> TASK GOAL
Starting at the line that contains "Hartsdale, NY 10530" and ending at the line that contains "Low Budget Apartment", the lines below are to be given again exactly, with nothing added.

[Opening SUPPLIED MATERIAL section]

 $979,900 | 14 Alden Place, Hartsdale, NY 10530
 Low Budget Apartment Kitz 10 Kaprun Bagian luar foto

[Closing SUPPLIED MATERIAL section]
[Opening SUPPLIED MATERIAL section]

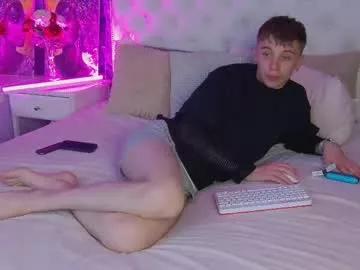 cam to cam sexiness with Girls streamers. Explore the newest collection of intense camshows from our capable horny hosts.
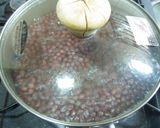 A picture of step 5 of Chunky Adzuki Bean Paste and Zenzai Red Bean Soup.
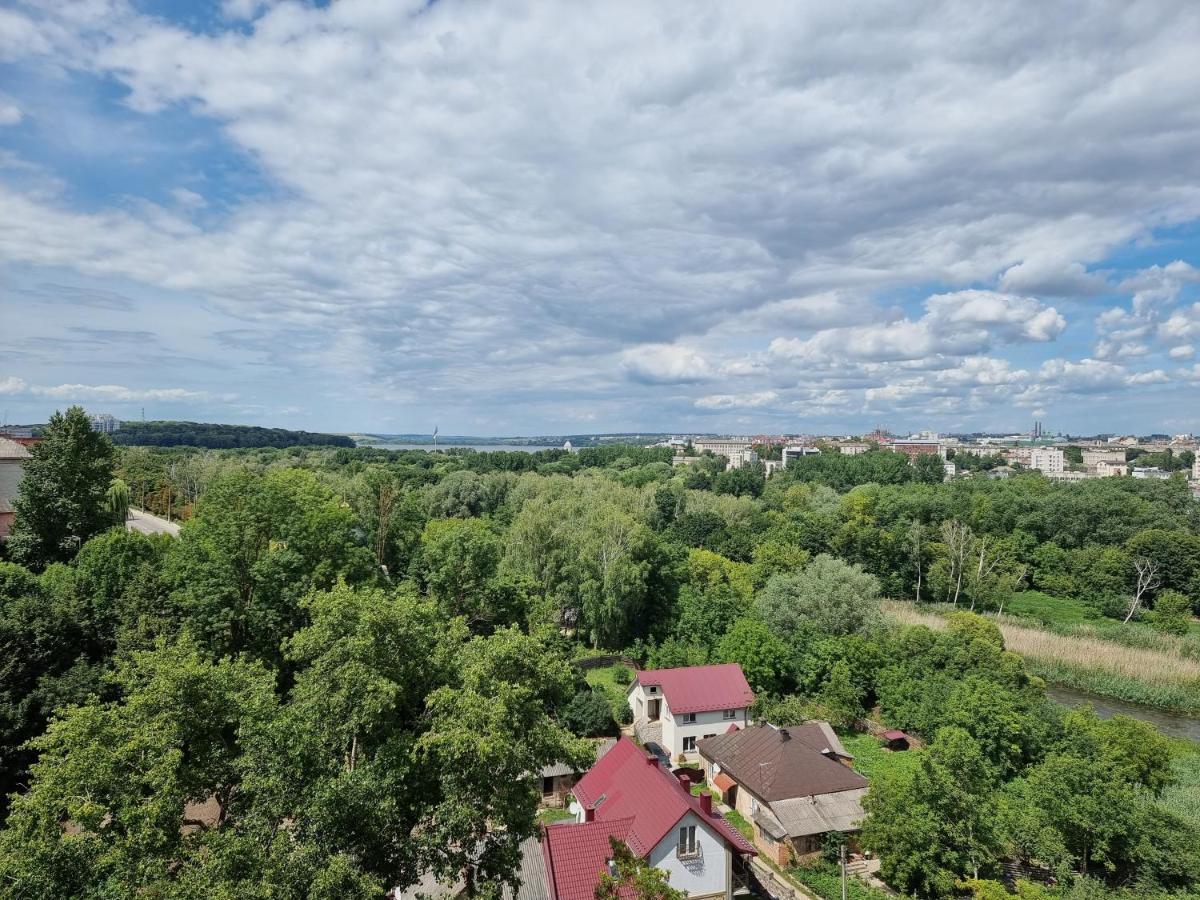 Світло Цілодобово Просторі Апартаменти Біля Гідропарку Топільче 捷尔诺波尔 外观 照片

[Closing SUPPLIED MATERIAL section]

> WORKED SOLUTION
 $979,900 | 14 Alden Place, Hartsdale, NY 10530
 Low Budget Apartment Kitz 10 Kaprun Bagian luar foto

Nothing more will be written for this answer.